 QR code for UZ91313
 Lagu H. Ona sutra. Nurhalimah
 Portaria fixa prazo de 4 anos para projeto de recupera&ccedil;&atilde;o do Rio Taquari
________________________
→ **About this task**: Copy the data above in full, character for character.

→ **Solution to the exercise**:
 QR code for UZ91313
 Lagu H. Ona sutra. Nurhalimah
 Portaria fixa prazo de 4 anos para projeto de recupera&ccedil;&atilde;o do Rio Taquari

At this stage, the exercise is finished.